You might need a lofty title and political clout to get away with midday exercise

Maybe your office building has a gym where you can squeeze in a few bicep curls on your lunch break. Or perhaps you’re still working from home and could go for a run between Zoom calls.

Working out in the middle of the workday makes perfect sense…in theory. In reality, a certain type of person has a distinct advantage in pulling it off routinely.

“I’m the boss," says Jessica Vibberts, founder and chief executive of Full Potential Ventures, a consulting firm for nonprofits.

Ms. Vibberts, 45, often works early in the morning and late at night but breaks around midday for a barre class, Pilates or high-intensity interval training. She says pausing work to exercise makes her a better leader by keeping her mind fresh. Her clothes are another story after a sweaty session, but she works remotely, having moved from San Francisco to Portugal a couple of years ago. Not that she worried about showing up to meetings in yoga pants before.

As a nonprofit executive before starting her own business in 2017, she used to make time for muscle toning by inviting colleagues to chat in her office while holding air squats or planks. “That’s part of the privilege of having some authority," she says.

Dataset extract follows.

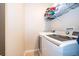 Laundry room with washer, dryer, and shelving for storage at 905 Knollwood Dr, Davenport, FL 33837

Committing to workouts during the workday may be less about willpower than, well, power. You need not be the CEO (though that helps), but it generally takes some seniority to block your calendar for fitness during business hours or take meetings while exercising at the same time. Being very good at your job helps, too.

The demands of certain roles make exercise breaks impractical, of course. Please save the push-ups for the end of your shifts, air-traffic controllers. (And if you work in any capacity for Southwest Airlines, the flying public would like you to concentrate exclusively on your job for now.)

Stepping away can even be difficult for people with hybrid arrangements and malleable schedules that should lend themselves to workout sessions in the 9-to-5 window. More employers are installing productivity software on work laptops to monitor every keystroke and take screenshots every few minutes, so it might not be possible to slip into a midday spin class undetected.

A brief burn might be achievable, and a few sit-ups here or kettlebell swings there are certainly better than nothing. But the masters of full-blown workday workouts are those with enough clout to be temporarily unreachable by colleagues and not get in trouble.

“It gives me a level of comfort to know that I can be a little bit late or I can push a meeting, and no one’s going to be able to say much," says Jim Webb, CEO of the Goodman Corp., a professional-services firm in Houston.

Mr. Webb, 36, takes a jiu jitsu class at noon a couple of times a week. Including the drive and a post-grappling shower, he’s out of pocket for about an hour and a half on those occasions.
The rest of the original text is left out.